Redbubble Search Doesn’t Understand Tenses
The Redbubble search engine doesn’t cope with verb tenses either. A search for “work” yields over 200,000 hits, but variations in tense like “worked”, and “working” hit far far fewer designs. In general, its the base form of a verb (or noun) that returns the most hits. (However those tags are well saturated with designs already and you are unlikely to rank well for any of them.)
Not All Designs Work On All Products
It common to hear the advice “Put your design on all products. You never know what will sell.” That’s such a bad idea. Redbubble almost certainly monitors the “click through rate (CTR)” on your designs. If your design is shown often in results but no one ever clicks on it because it’s ugly, your CTR will decrease. (This is also why, over time, designs with irrelevant keywords will start to disappear from keyword results, and explains why keyword stuffing with irrelevant terms is a bad idea.) Just disable the ugly products or upload an alternative image for them.
Add Your Shop Name as a Tag
If you add your shop name as a tag to each of your works you will easily be able to find all your products in the Redbubble search engine. For example I tagged all my sock patterns for the Euro 2020 football tournament (sadly now cancelled) with the tag “euro 2020 tiokvadrat”. Now, if I want to quickly see all those designs I can search for “tiokvadrat euro socks” in the Redbubble search engine and see all 39 sock products on one page. I can even use the URL https://www.redbubble.com/shop/tiokvadrat+2020+socks as a target for promotion purposes if I want.
Which Tags Are Useful?
- People’s names (essential for fan art).
- Colors (essential for patterns and abstracts).
- Locations (essential for photographs).
- Text (like “ok boomer” – essential for text memes).
- Style (“hippie, retro, art deco” – essential for patterns).
- Topic/subject matter (“trees”, “cats”).
What other tags should I consider?
- Your shop name (helps you to find your stuff).
- Prepositions and conjunctions (see below).
- Hobbies and occupations (essential for targeted memes, for example “fisherman, yoga instructor, dentist”.
When you upload your products to Redbubble the Product selector now allows you to choose “Optimized”. This seems to replace the old “Image only” option.
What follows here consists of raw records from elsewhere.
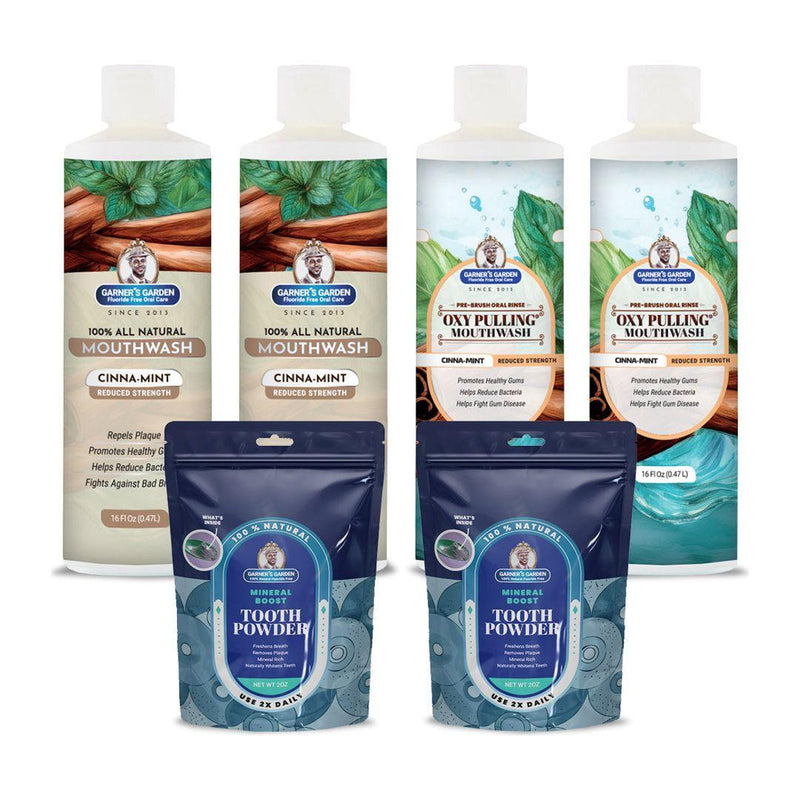 Garner's Garden 2 Pack Oral Care Package | Trio | H2O2 | Fluoride Free Packages White Smoke 2 x 16oz Reduced Cinnamint Mouthwash & Oxy Pulling / 2 x 2oz Regular Tooth Powder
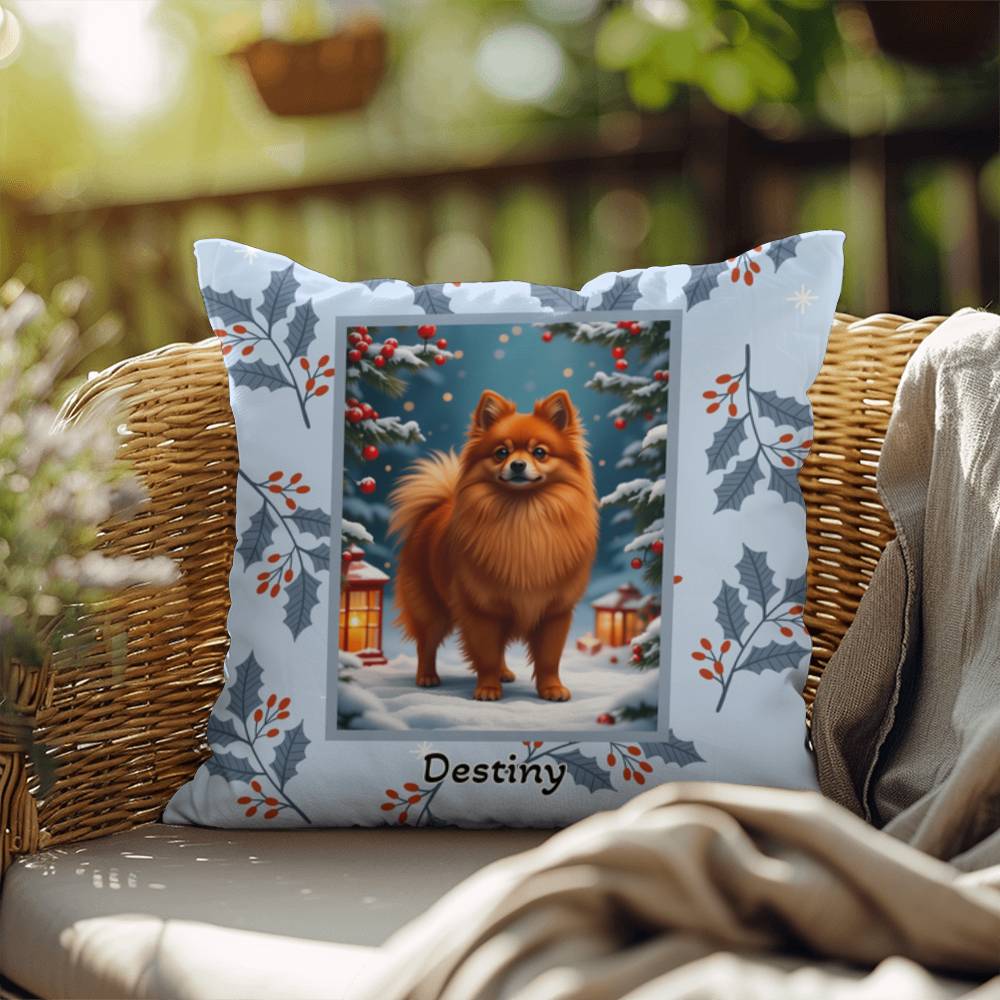 Pomeranian Red Pillow - Winter Pom throw pillow, indoor dog decor, festive home accent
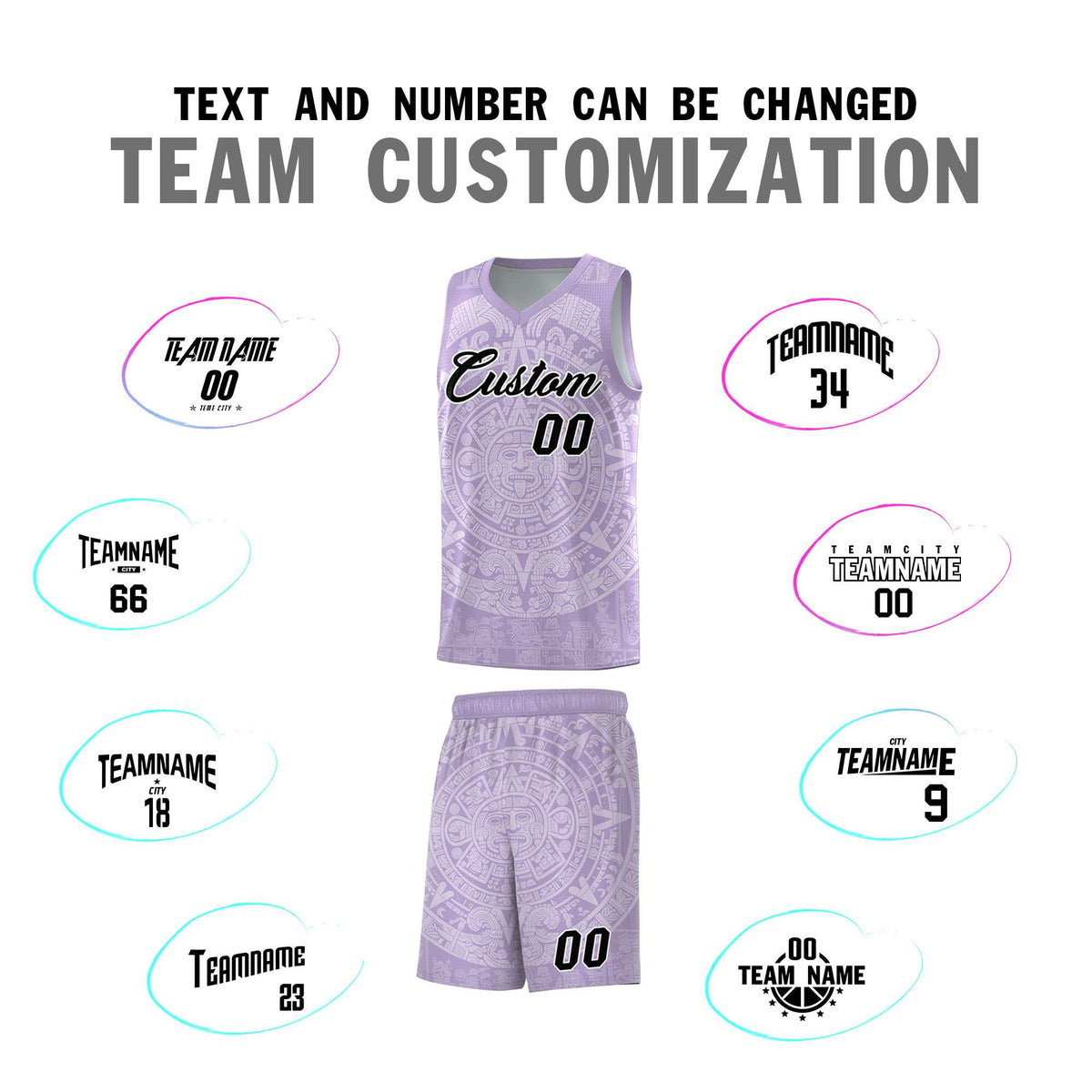 Custom Youth Basketball Jerseys White Aztec Sun Stone Personalized Uniform
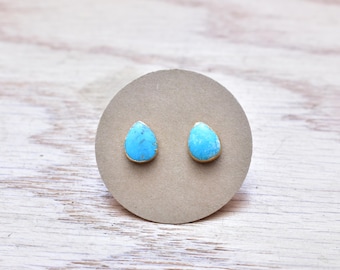 Gold Teardrop Turquoise Stud Earrings/ Gold Stud Post Earrings Natural Bright Blue Turquoise/ Natural Turquoise Blue Gold (GSS15)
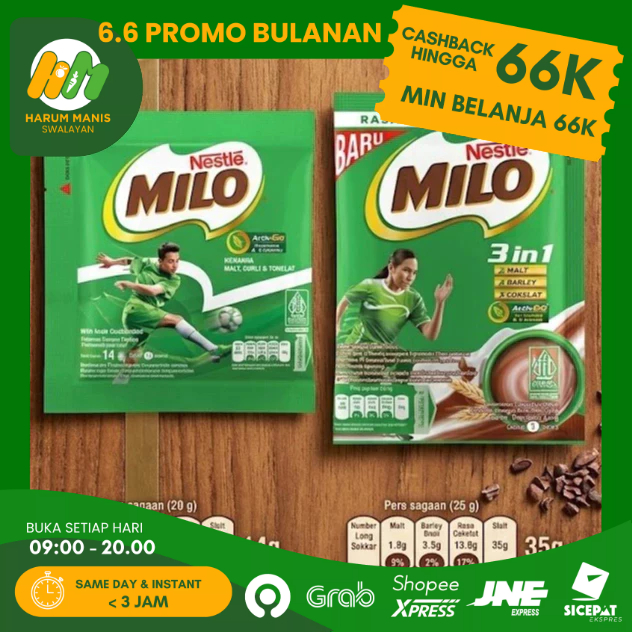 MILO SACHET / MILO ACTIV-GO SACHET 22GR / MILO 3IN1 SUSU 35GR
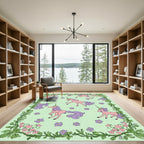 Whimsical Pink Unicorn Flower Garland Rug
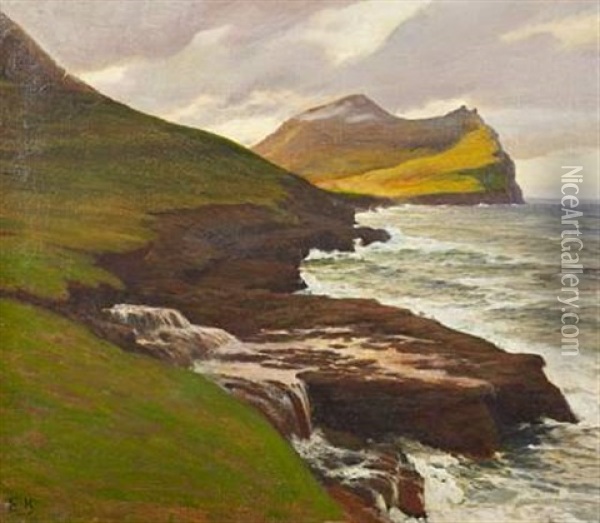 Coastal Scenery From The Faroe Islands Oil Painting - Emil Axel Krause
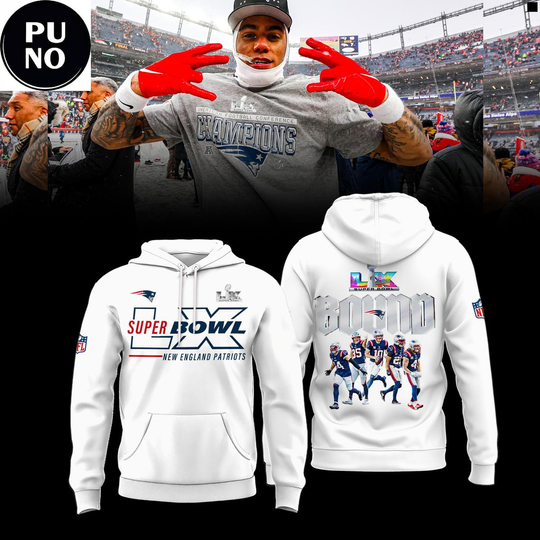 New England Patriots AFC Champions Super Bowl LX Hoodie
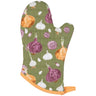 Aromatics Oven Mitt features onions, garlic and shallots against a green background.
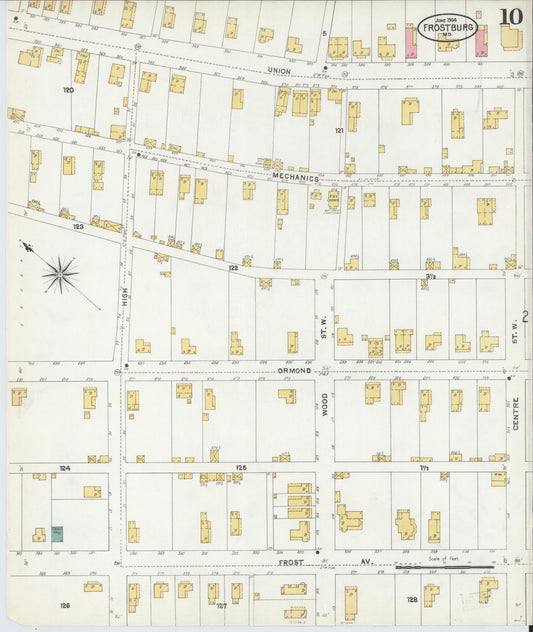 Sanborn Fire Insurance Map from Frostburg, Allegany County, Maryland (1904), Sheet #0010 - Historic Sanborn Fire Insurance Map Print, vintage old map wall art, antique decor, genealogy gift, Maryland Maryland map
However it seems the algorithm now tries to present the best view for the customer. The jury is out on this one, some of the older Redbubbler’s don’t like it, but it seems likely to help your product stand out in listings.
Got Patterns? They’re Hard to Sell!
Try these tags, they are some of the more popular and may help you hit the long tail:
1920s, 60s, 70s, 80s, 90s, abstract, aesthetic, africa, art deco, art nouveau, artsy, beautiful, black, black and white, blue, bohemian, boho, chic, classic, clean, colorful, contemporary, cool, covers, cute, dark, designer, diamond, doodle, elegant, ethnic, fancy, fantasy, fashion, floral, flowers, fun, geometric, girly, glitter, gold, gothic, gradient, graphic, green, groovy, grunge, happy, hippie, hippie, hippy, hipster, india, indian, indie, interior, lines, mandala, marble, metal, minimalist, modern, navy, orange, pastel, patterns, peach, pink, pop art, popular, pretty, psychedelic, purple, rainbow, red, retro, rose, simple, spiritual, spring, style, stylish, summer, teal, trend, trippy, vintage, white, winter, yellow, zen
That Thing About Prepositions
When it is needed, include “the”, “and”, “on”, and “for” in your title field or tag field. For example, if you search Redbubble for “solar system”, you will find that there are more than 4,700 hits. Now search for “the solar system”. You will find that there are only 705 hits. It’s going to be much easier to rank against 705 rival designs than against 4,700. Therefore, include the “the” somewhere in either the title field or the tags field when you upload. You will still match the search “solar system” anyway. Some other common examples are: “salt and pepper”, “on golden pond”, “an apple for the teacher”.
Which Fan Art Brand Partnerships Are Worth Targeting?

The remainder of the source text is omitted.